═════ Entries supplied ═════

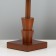 Eln table lamp E27 40W brown 19.5x19.5x38 cm Risalux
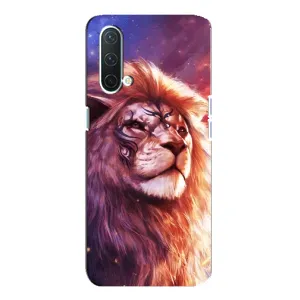 Чохол з картинкою ЛЕВ для OnePlus Nord CE 5G (VPrint) (Красочний Лев)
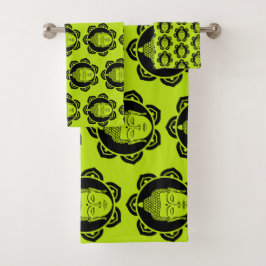 Conjunto De Toalhas Buda Casa E Vida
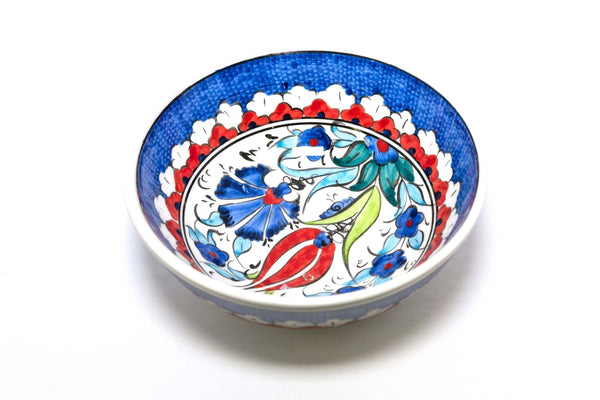 Hand Panted Bowl With Floral Design - Trendz & Traditionz Boutique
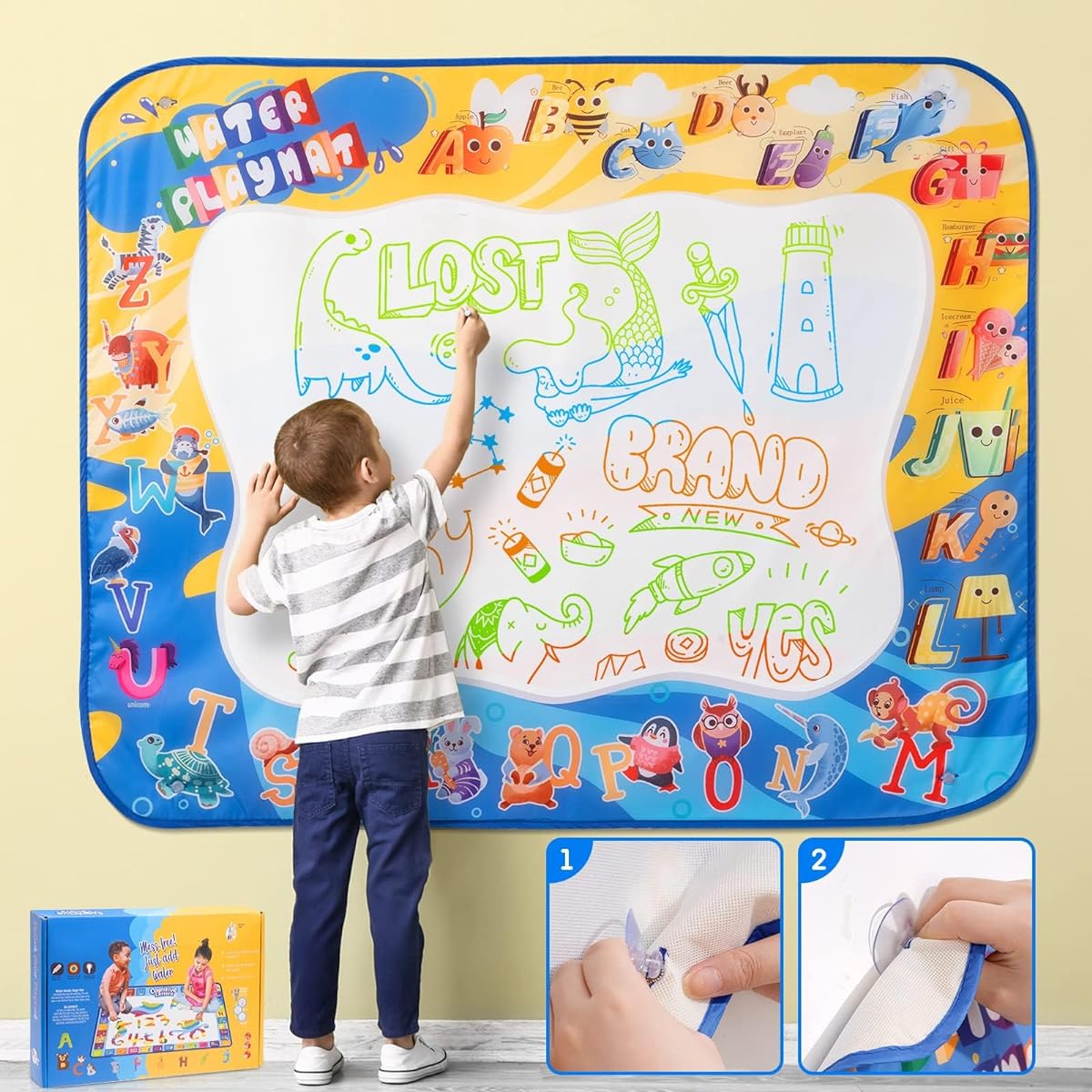 Kids Painting Writing Doodle Toy Mat (My ABC 40" x 32")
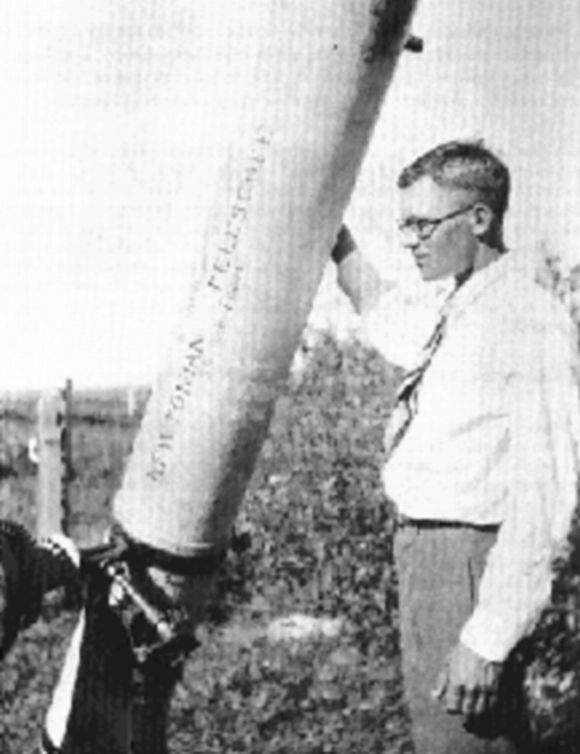 Well-known American astronomer Clyde W Tombaugh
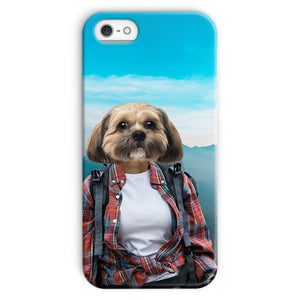 The Hiker: Custom Pet Phone Case - Paw & Glory - Dog Portraits - Pet Portraits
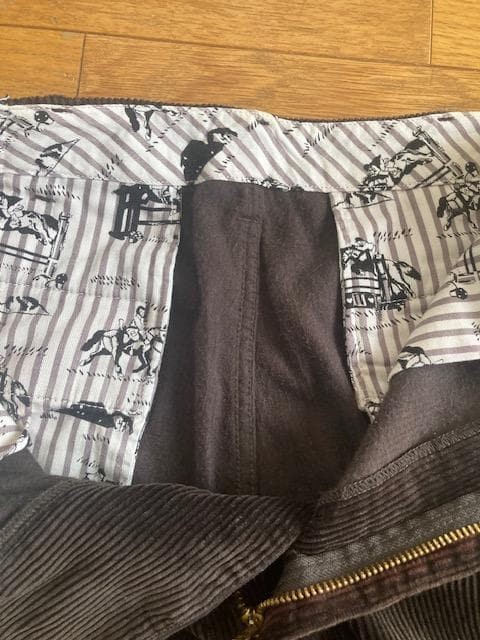 A BATHING APE Cotton Corduroy Pants Dark Brown M Waist 42cm 0226178 thumbnail 8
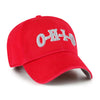 Ohio State Buckeyes O-H-I-O Clean Up Unstructured Adjustable Hat in Scarlet - Front View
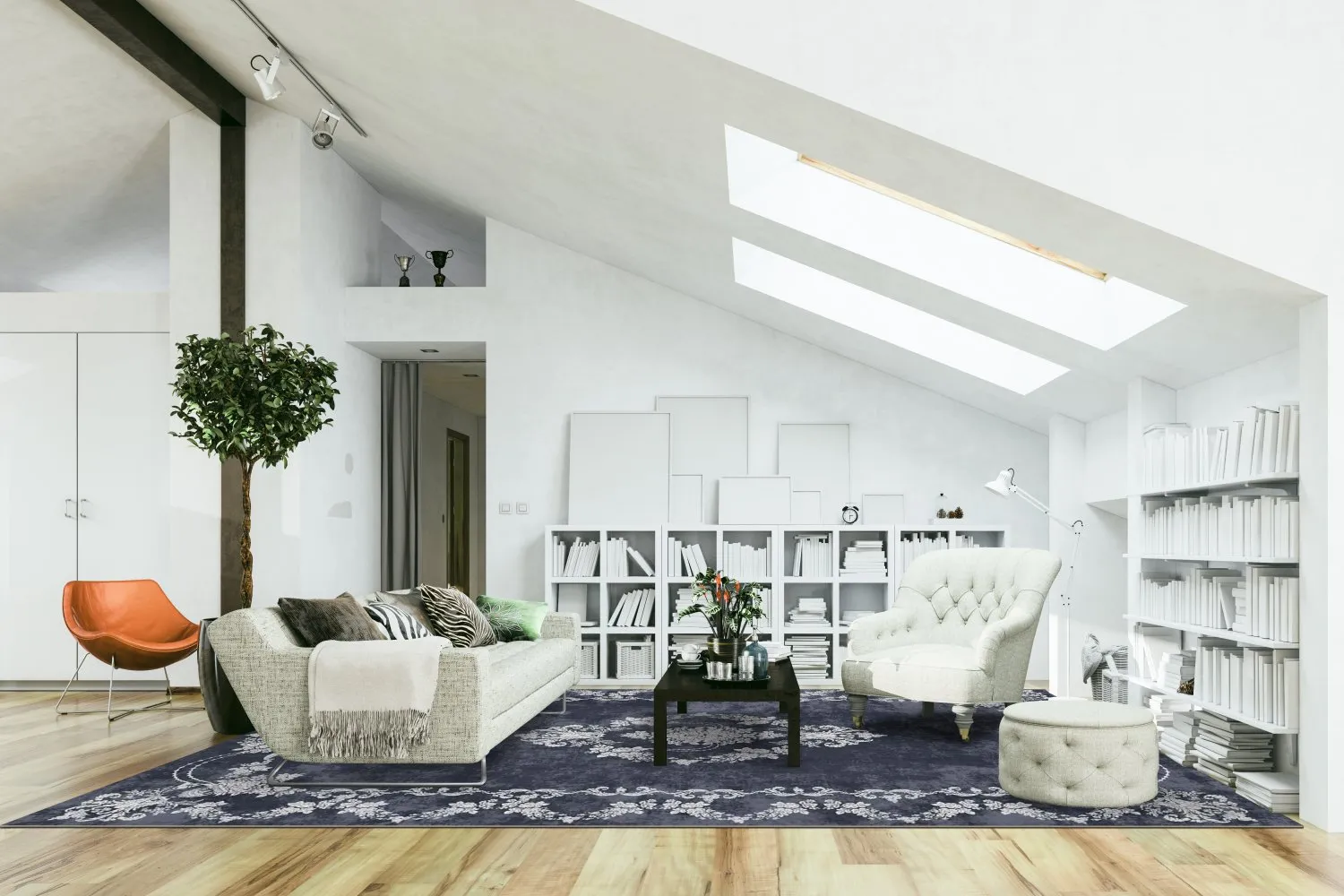 Wilton-tæppe - Nefta (sort)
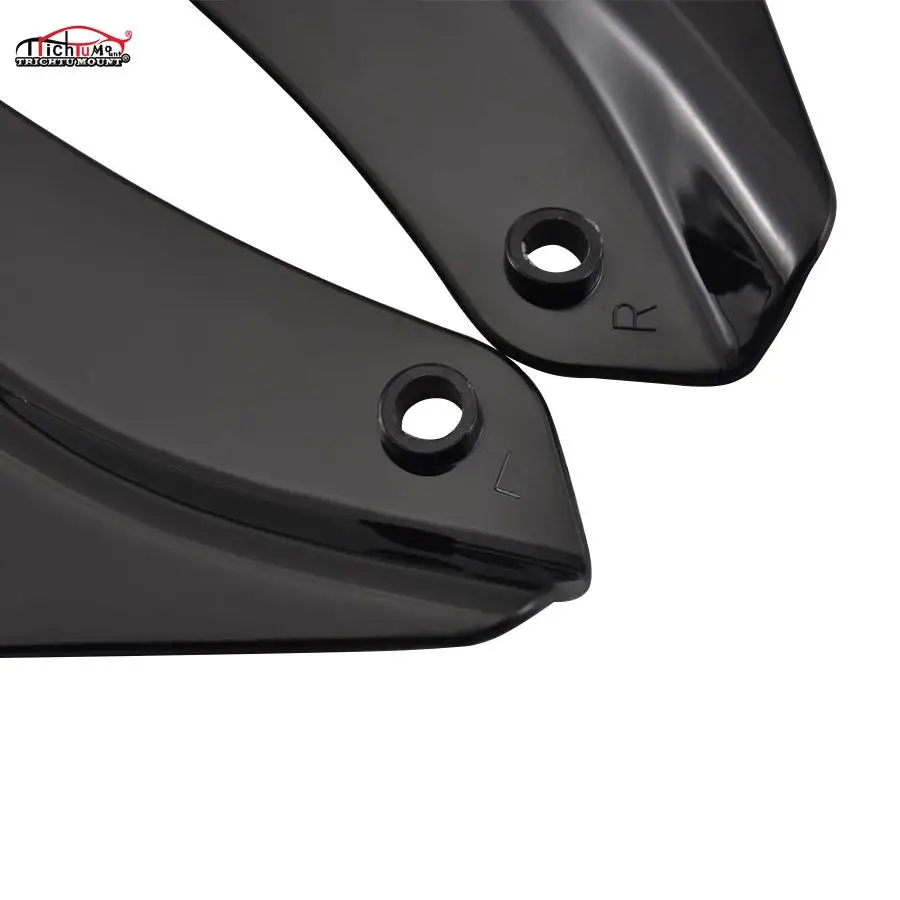 Черное боковое крыло лобового стекла мотоцикла дефлектор воздуха летучая мышь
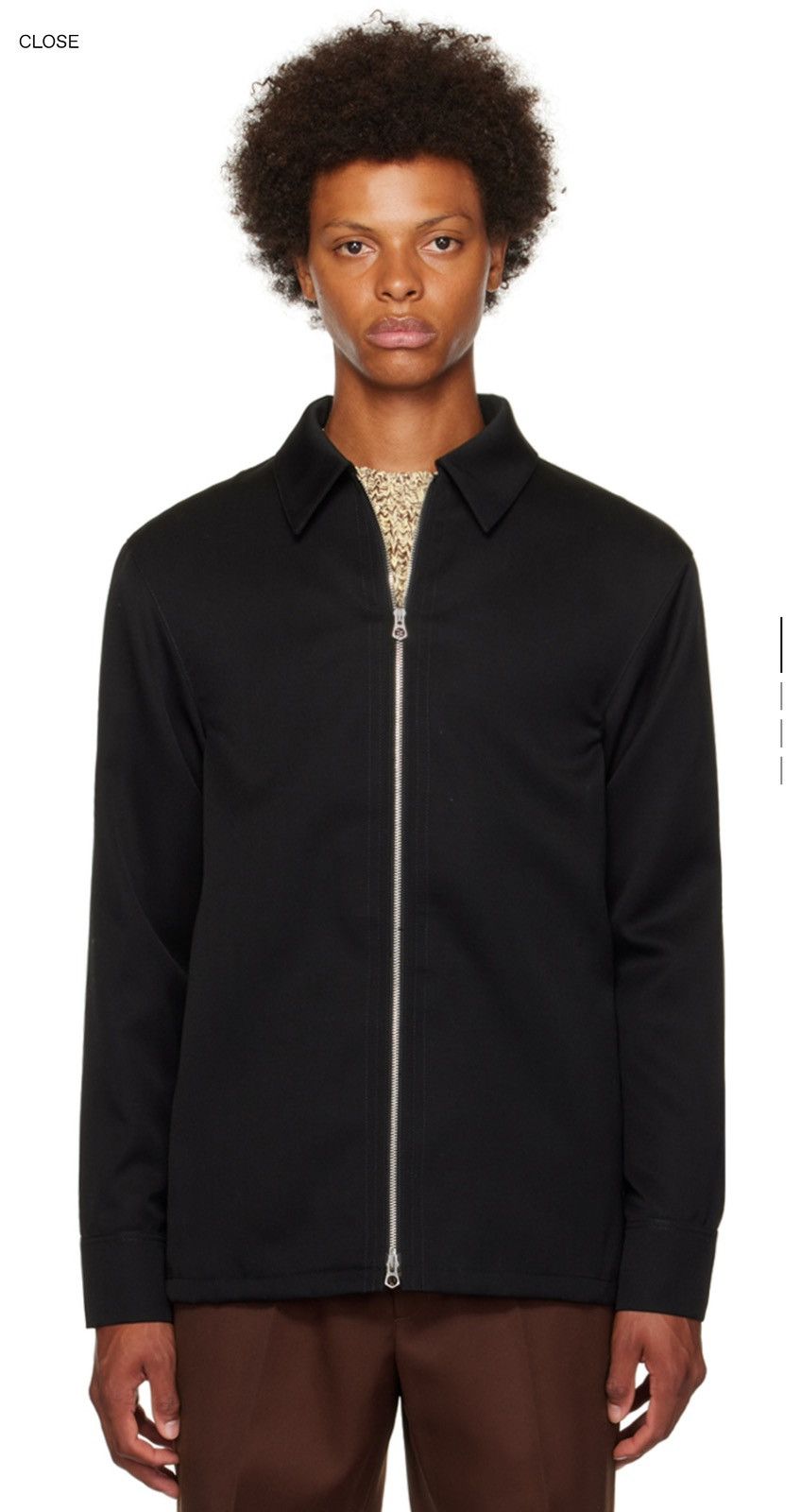 Jil Sander Black Wool Gabardine Zip Jacket sz 48 | Grailed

═════

Print the listing again exactly, please. Keep the pictures out of it.

 Eln table lamp E27 40W brown 19.5x19.5x38 cm Risalux
 Чохол з картинкою ЛЕВ для OnePlus Nord CE 5G (VPrint) (Красочний Лев)
 Conjunto De Toalhas Buda Casa E Vida
 Hand Panted Bowl With Floral Design - Trendz & Traditionz Boutique
 Kids Painting Writing Doodle Toy Mat (My ABC 40" x 32")
 Well-known American astronomer Clyde W Tombaugh
 The Hiker: Custom Pet Phone Case - Paw & Glory - Dog Portraits - Pet Portraits
 A BATHING APE Cotton Corduroy Pants Dark Brown M Waist 42cm 0226178 thumbnail 8
 Ohio State Buckeyes O-H-I-O Clean Up Unstructured Adjustable Hat in Scarlet - Front View
 Wilton-tæppe - Nefta (sort)
 Черное боковое крыло лобового стекла мотоцикла дефлектор воздуха летучая мышь
 Jil Sander Black Wool Gabardine Zip Jacket sz 48 | Grailed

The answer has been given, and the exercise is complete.